Belief is an emotion that builds in much the same way confidence does. Every time we accomplish another little goal, belief in ourselves builds.
Purpose is also on the list for a good reason. Napoleon Hill claimed ‘definiteness of purpose’ as one of the common denominators found while on a quest to discover wealth-building habits. Finding definiteness of purpose is done through a process of discovery. The discovery happens as we cross desires off lists, small ones and big ones. As we gain purpose we find confidence.
To balance my list of positive emotions, I have a list of negative ones that I consciously monitor to ensure they do not block my ability to attract success. Hill listed 26 in his book Grow Rich with Peace of Mind.
- Fear
- Greed
- Egotism
- Worry
- Procrastination
- Hate
- Unreliability
- Envy
- Intolerance
- Dishonesty
Your lists, if you chose to develop them, would be as individual and unique as you are. Some may feel that lists of emotions are a rather artificial means of developing personality traits. I like to think of lists as tools for examining my motives more objectively. Emotions are deeply complicated, interconnected things and difficult to sort out at the best of times. Developing a list may assist in that process.

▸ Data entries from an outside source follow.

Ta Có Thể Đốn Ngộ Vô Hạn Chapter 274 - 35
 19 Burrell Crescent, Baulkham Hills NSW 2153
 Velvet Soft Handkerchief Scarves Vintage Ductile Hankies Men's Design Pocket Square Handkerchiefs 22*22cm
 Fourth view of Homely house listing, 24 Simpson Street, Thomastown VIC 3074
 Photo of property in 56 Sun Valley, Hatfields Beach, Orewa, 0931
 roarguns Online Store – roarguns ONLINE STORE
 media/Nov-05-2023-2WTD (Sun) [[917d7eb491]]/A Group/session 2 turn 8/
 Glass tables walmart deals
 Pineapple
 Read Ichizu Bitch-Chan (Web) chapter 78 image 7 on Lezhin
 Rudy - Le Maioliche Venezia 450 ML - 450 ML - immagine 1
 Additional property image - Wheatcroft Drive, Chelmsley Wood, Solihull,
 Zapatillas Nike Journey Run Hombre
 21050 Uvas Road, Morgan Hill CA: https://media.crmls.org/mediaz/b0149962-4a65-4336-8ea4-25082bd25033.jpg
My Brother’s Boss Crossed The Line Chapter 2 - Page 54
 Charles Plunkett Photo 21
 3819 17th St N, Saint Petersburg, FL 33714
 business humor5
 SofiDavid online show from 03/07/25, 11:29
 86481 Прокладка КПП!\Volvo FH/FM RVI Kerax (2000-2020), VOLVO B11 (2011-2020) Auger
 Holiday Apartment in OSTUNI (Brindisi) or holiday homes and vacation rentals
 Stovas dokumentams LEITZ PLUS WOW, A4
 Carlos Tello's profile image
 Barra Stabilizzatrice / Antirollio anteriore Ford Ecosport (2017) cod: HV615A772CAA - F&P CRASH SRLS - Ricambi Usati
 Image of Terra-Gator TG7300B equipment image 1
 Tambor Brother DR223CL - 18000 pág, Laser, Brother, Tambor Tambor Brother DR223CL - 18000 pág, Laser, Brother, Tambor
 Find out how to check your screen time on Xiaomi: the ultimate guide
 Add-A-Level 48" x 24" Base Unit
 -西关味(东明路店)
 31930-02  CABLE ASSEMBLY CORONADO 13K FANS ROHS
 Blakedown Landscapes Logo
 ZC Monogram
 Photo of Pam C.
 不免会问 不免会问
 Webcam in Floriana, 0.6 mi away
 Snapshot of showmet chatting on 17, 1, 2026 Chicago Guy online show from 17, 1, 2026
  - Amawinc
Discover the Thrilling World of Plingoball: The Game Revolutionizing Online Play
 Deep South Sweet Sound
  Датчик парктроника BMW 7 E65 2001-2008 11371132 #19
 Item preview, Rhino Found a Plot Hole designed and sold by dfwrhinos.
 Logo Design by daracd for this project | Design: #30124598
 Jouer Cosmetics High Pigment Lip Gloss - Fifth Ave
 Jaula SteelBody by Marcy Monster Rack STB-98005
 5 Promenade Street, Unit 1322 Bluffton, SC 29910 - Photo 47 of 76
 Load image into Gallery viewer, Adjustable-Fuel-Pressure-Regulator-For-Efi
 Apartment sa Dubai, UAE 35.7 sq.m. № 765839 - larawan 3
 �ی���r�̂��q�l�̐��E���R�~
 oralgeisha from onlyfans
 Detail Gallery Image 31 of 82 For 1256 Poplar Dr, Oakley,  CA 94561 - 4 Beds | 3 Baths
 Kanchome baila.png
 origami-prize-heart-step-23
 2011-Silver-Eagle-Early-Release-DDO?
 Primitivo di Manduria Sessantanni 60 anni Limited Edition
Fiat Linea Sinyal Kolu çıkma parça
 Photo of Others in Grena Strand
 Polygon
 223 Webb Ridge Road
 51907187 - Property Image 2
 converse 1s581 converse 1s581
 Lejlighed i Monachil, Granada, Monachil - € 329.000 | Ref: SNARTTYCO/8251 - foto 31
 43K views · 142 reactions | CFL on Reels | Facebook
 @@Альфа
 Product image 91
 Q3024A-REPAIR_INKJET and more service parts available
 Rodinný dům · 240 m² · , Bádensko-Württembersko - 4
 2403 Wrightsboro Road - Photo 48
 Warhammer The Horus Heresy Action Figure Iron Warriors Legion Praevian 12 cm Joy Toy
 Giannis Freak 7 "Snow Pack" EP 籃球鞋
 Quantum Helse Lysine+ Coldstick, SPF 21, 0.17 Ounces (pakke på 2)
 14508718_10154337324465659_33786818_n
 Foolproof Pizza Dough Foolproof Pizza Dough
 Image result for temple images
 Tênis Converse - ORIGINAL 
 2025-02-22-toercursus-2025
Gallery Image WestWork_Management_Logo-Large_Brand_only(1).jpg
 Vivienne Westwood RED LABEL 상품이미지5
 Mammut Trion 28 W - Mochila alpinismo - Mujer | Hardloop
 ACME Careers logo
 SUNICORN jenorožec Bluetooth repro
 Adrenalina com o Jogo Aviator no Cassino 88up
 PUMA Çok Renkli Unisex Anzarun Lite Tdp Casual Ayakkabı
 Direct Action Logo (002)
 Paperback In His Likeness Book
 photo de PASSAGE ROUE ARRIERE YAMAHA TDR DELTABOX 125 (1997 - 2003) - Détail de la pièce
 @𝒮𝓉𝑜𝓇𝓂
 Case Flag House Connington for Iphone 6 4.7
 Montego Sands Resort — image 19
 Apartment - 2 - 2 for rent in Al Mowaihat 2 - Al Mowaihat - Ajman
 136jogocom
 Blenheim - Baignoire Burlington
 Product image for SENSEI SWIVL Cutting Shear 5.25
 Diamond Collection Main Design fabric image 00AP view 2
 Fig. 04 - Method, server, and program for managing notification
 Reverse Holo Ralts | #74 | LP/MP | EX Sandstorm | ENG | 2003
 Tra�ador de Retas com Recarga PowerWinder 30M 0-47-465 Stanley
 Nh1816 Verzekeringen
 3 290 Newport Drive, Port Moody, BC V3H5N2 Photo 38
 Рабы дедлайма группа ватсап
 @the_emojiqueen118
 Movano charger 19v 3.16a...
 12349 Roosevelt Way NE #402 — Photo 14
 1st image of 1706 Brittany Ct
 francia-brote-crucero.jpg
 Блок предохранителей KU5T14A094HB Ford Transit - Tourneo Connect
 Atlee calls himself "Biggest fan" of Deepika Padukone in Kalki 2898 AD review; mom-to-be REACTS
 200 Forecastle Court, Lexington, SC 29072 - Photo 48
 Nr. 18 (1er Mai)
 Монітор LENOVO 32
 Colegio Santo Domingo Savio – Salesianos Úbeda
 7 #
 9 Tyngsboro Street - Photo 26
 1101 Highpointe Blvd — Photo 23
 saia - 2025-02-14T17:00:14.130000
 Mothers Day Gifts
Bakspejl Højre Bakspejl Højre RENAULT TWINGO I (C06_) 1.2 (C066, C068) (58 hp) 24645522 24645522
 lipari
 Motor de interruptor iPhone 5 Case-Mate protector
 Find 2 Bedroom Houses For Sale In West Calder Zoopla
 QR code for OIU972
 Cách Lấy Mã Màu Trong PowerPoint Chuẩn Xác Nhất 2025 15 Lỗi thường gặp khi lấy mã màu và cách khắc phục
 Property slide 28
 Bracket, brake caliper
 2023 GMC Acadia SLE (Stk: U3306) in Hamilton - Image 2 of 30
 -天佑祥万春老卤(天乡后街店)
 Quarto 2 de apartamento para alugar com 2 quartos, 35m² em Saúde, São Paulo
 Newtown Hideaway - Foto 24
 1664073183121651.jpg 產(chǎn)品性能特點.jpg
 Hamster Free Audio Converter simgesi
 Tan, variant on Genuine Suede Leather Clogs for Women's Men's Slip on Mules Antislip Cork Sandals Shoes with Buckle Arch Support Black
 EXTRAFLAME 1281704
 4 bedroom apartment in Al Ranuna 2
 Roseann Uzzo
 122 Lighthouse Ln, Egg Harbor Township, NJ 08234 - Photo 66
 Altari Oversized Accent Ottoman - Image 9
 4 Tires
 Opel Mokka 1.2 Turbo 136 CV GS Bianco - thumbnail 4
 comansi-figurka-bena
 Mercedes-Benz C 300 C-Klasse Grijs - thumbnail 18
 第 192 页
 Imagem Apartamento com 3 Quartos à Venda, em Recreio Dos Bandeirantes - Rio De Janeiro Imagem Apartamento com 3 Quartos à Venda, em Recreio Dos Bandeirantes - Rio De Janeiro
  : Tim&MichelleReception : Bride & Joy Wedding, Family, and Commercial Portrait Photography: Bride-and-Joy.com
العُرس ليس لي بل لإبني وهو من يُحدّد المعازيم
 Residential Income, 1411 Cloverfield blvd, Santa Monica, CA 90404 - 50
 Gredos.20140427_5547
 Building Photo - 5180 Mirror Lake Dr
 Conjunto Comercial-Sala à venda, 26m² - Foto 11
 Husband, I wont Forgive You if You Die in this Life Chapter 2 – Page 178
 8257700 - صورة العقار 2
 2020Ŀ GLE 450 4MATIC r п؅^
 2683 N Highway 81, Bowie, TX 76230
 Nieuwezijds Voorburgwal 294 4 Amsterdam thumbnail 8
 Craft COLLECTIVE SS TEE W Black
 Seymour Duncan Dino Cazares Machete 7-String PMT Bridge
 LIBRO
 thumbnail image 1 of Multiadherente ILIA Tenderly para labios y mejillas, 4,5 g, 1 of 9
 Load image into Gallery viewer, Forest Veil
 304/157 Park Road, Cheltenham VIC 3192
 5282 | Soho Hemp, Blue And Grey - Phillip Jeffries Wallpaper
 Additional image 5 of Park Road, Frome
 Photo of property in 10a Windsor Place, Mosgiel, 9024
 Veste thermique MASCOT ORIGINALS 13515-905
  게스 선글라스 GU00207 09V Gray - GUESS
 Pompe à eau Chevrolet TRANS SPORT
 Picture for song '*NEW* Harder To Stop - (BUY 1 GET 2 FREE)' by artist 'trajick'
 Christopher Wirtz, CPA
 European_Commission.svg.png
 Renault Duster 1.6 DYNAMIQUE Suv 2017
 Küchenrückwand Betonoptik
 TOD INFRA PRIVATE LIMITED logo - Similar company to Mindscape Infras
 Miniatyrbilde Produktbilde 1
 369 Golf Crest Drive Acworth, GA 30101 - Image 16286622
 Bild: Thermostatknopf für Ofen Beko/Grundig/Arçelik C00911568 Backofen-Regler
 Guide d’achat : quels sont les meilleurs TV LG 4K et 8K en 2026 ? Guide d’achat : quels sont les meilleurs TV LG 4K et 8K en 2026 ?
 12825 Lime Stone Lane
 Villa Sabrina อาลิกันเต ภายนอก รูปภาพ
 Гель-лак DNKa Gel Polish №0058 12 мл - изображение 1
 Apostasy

For some, the process of attracting wealth into their lives through positive thinking and feeling takes a long time. It’s simple enough to change a few thoughts, but real change occurs when positive emotions become strong enough that they’re habitual or second nature. This process sometimes requires a great deal of commitment, but when positive feelings become habitual, positive circumstances begin to happen habitually.
Patience, a very healthy and positive emotion, is key to changing habits. Changing habits can take ten minutes or twenty years, depending on how deeply ingrained they have become. Personally, it took me eighteen years to deal with my fear of not having enough.
When I feel worried about money, I change my thinking to something like, “I have enough money to eat today, I have a roof over my head, and I feel grateful for that.” That pattern of thought helps me feel gratitude, a very healthy, positive emotion—more healthy than the worry I felt.
Imagine the power of the law of attraction! When we feel gratitude the law of attraction will bring us a circumstance that triggers more gratitude. Sometimes it takes years or even lifetimes, but the reward of any emotion is that same emotion. The reward of patience is patience. The reward of love is love. The reward of confidence is confidence. The best way to feel more positive is to feel more positive.
Make the choice! Start with gratitude. Confront your fears. Then move forward with confidence.